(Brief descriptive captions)
++++++++++
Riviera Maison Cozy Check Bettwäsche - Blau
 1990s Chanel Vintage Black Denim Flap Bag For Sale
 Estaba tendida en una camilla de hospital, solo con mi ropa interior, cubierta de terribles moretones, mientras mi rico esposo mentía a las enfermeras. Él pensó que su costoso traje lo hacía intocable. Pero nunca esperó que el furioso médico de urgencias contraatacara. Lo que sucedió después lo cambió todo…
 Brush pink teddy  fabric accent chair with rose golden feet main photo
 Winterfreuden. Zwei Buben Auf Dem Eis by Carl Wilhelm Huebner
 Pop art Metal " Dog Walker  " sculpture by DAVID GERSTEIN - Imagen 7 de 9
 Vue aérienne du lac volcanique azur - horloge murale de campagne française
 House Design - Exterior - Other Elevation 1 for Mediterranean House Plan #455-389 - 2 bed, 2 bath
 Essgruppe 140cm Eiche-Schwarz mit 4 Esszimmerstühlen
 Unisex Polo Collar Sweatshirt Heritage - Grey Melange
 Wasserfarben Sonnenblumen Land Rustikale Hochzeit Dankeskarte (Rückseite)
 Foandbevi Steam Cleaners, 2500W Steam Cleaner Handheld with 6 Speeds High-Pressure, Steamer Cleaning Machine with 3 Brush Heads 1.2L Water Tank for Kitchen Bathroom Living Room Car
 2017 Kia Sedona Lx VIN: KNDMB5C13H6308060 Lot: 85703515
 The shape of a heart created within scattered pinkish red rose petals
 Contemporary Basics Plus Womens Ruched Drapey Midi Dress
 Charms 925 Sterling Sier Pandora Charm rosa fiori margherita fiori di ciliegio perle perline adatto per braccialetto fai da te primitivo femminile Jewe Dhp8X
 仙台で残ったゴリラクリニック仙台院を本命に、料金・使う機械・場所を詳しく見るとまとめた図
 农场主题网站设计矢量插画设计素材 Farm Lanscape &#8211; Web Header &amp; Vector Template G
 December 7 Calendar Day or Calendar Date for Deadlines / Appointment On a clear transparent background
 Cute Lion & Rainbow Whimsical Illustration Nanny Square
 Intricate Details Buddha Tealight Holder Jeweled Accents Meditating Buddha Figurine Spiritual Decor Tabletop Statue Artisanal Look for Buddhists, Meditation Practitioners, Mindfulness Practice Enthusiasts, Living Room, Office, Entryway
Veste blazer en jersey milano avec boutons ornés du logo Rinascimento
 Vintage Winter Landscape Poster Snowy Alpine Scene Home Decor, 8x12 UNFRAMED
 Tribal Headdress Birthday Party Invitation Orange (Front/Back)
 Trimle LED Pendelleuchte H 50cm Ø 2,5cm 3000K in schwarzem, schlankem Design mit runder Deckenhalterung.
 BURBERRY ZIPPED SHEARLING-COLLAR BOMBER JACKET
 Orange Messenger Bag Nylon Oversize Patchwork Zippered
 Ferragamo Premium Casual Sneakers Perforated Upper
++++++++++
When a line in the records above contains the word "rose", copy it.

▶ Your solution
 Brush pink teddy  fabric accent chair with rose golden feet main photo
 The shape of a heart created within scattered pinkish red rose petals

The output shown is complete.